What you are asked to do |
Would you retype exactly the lines below, from the one containing "Análise das ofertas" through the end of the entries, both ends included, but not the pictures?

(Short web captions)
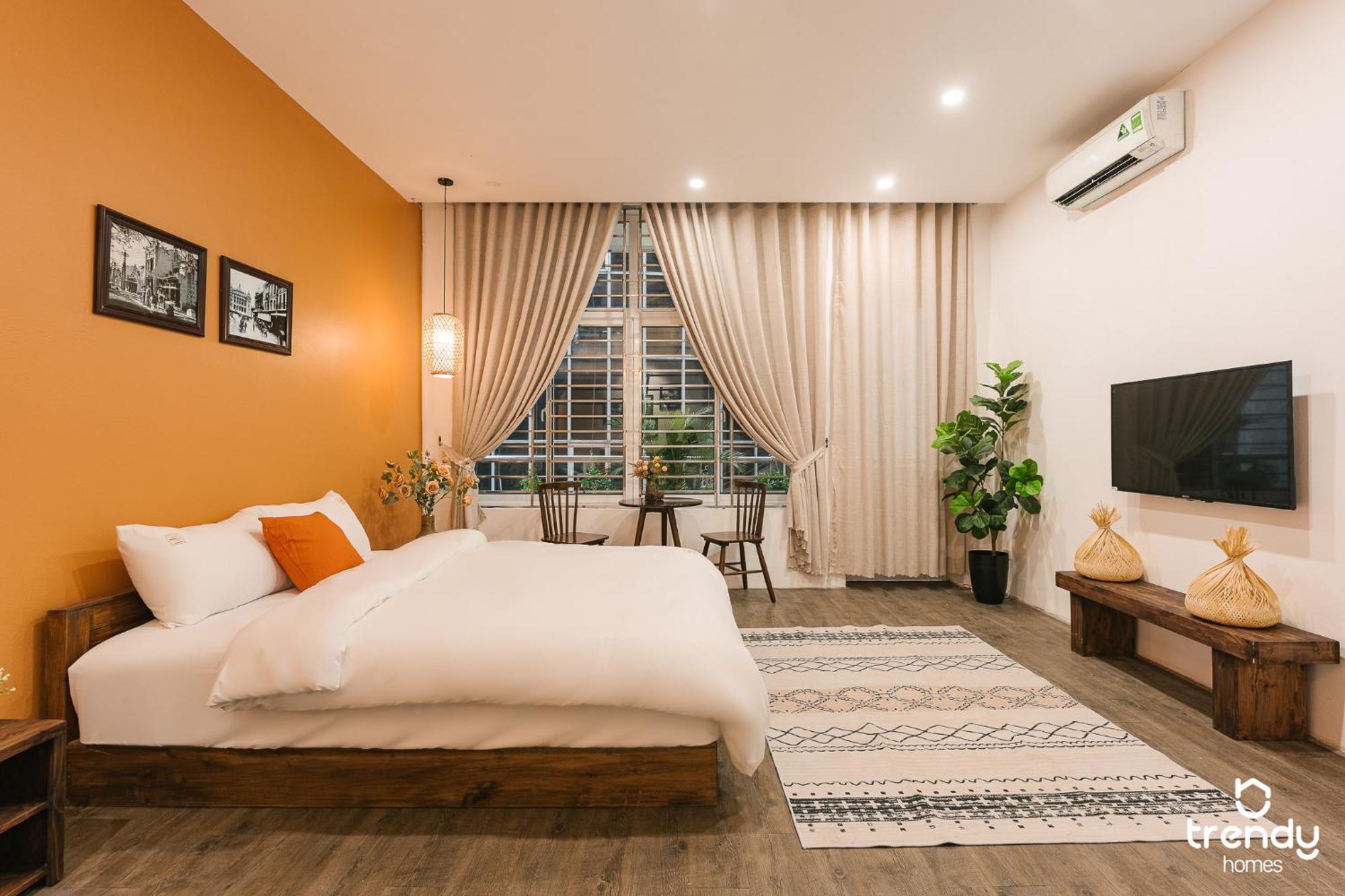 Appartement Oh Trendy Homes Pham Ngu Lao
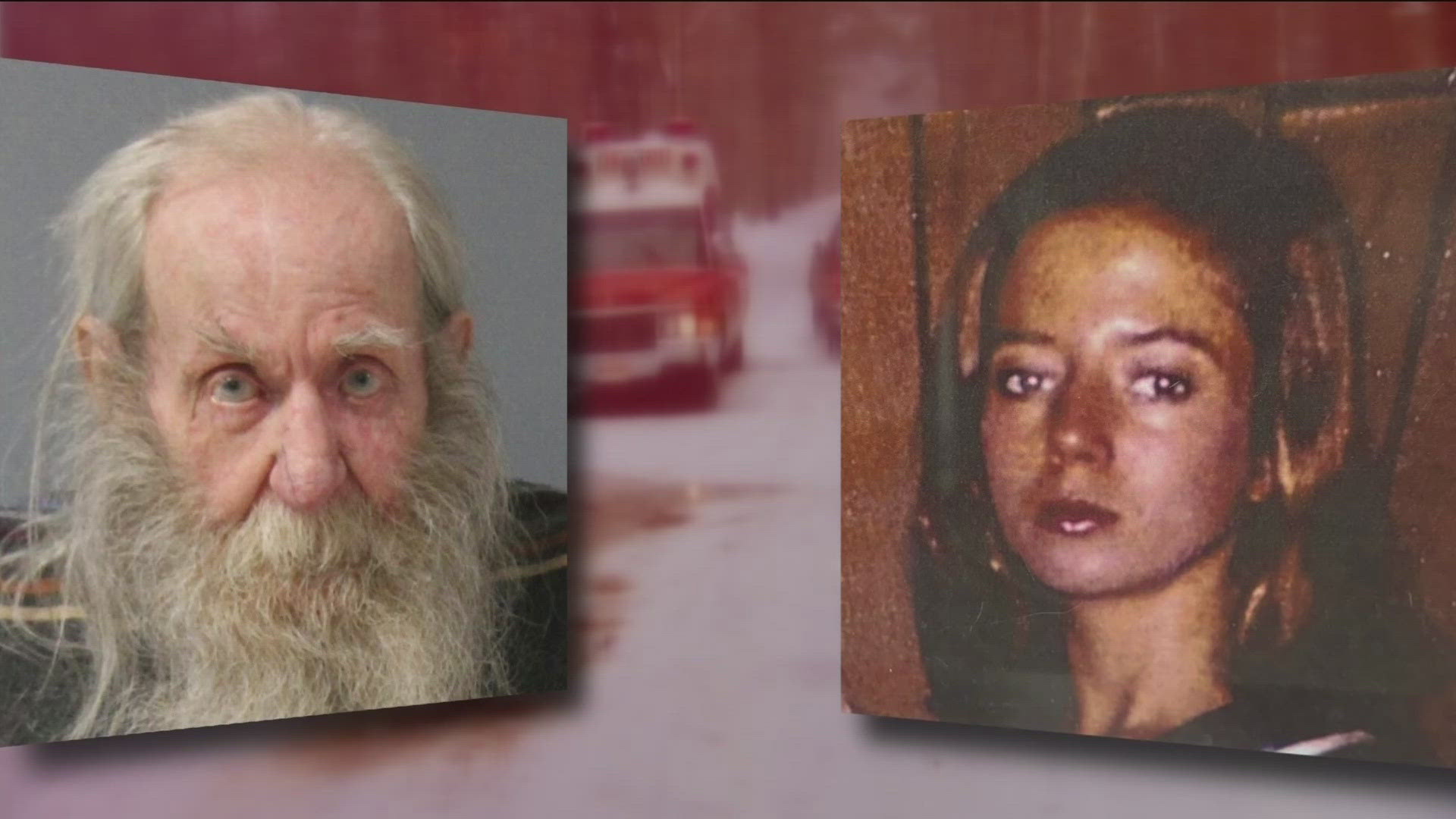 Jon Keith Miller, now 84, is charged with first-degree murder in connection with a Dunn County Wisconsin cold case death of Mary Schlais, dating back to 1974.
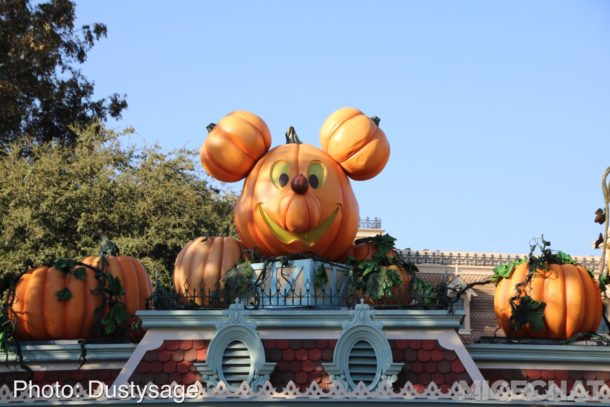 , Disneyland Photo Update – Rainbow Power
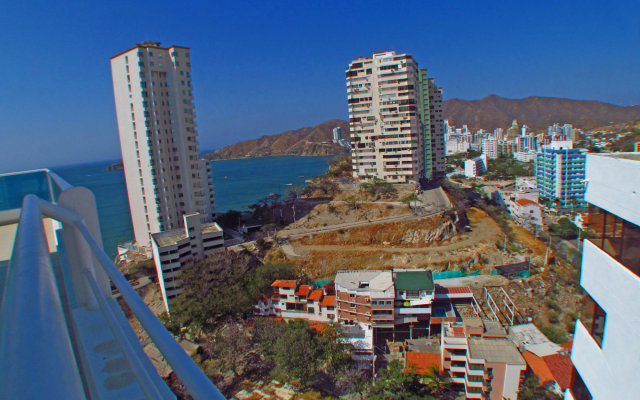 Apartamentos Neos - Cerca al Mar by SOHO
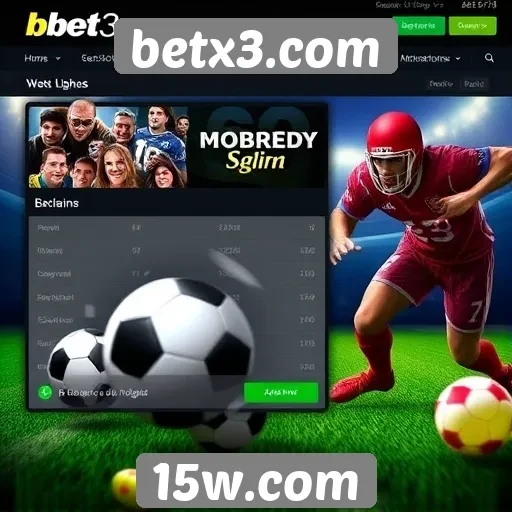 Análise das ofertas de jogos no site betx3.com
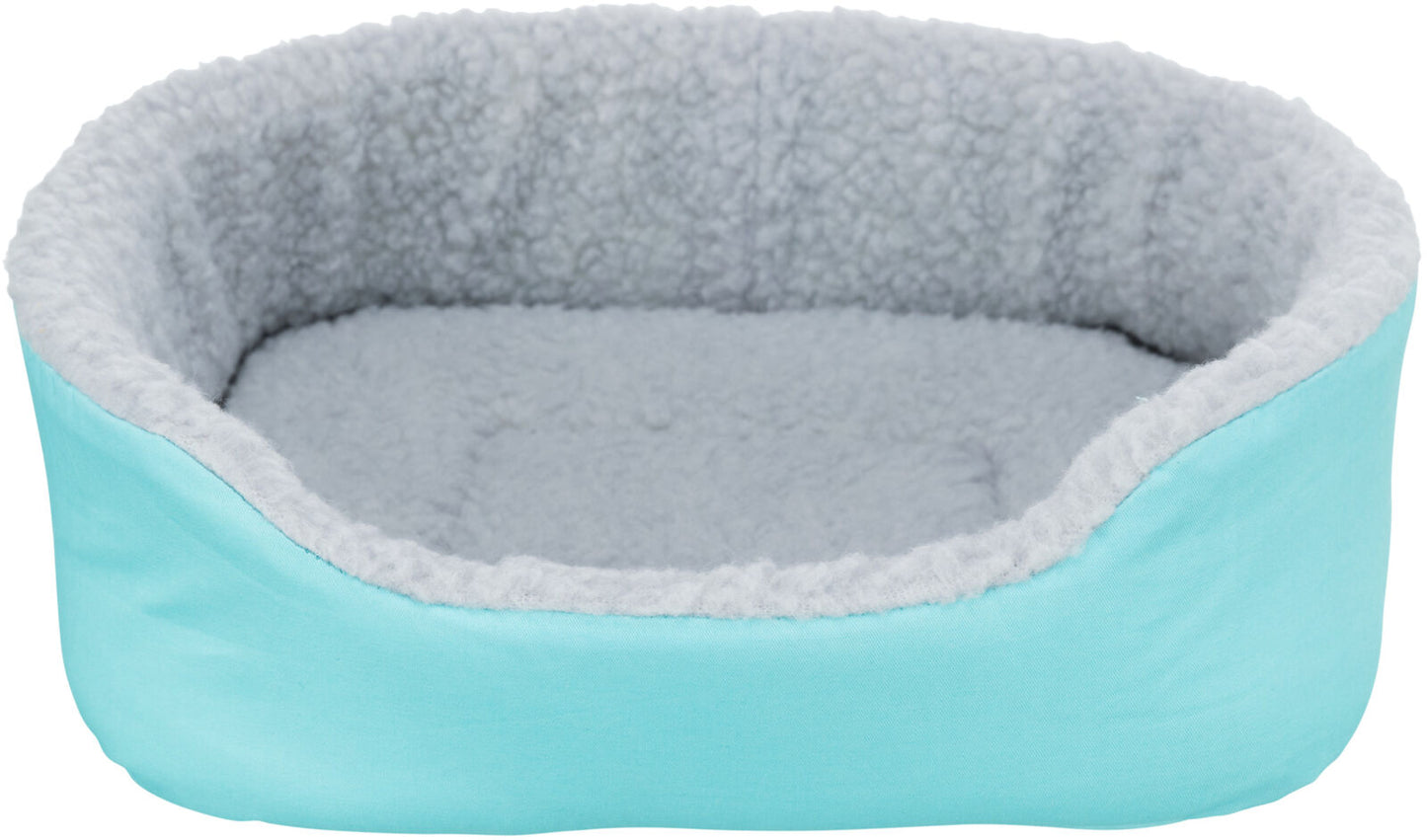 Trixie Cuddly Bed Small Animals 35 x 28cm Assorted Colours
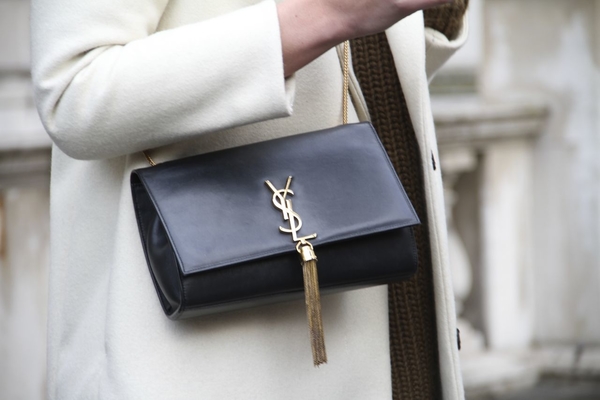 Формула идеального осеннего гардероба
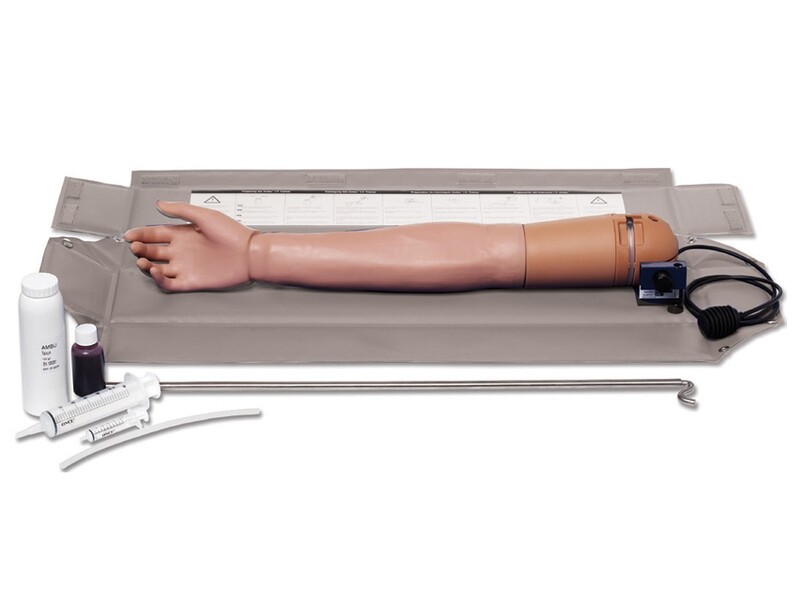 IV TRAINER for 34040, 34042, 34048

Solution for this task |
 Análise das ofertas de jogos no site betx3.com
 Trixie Cuddly Bed Small Animals 35 x 28cm Assorted Colours
 Формула идеального осеннего гардероба
 IV TRAINER for 34040, 34042, 34048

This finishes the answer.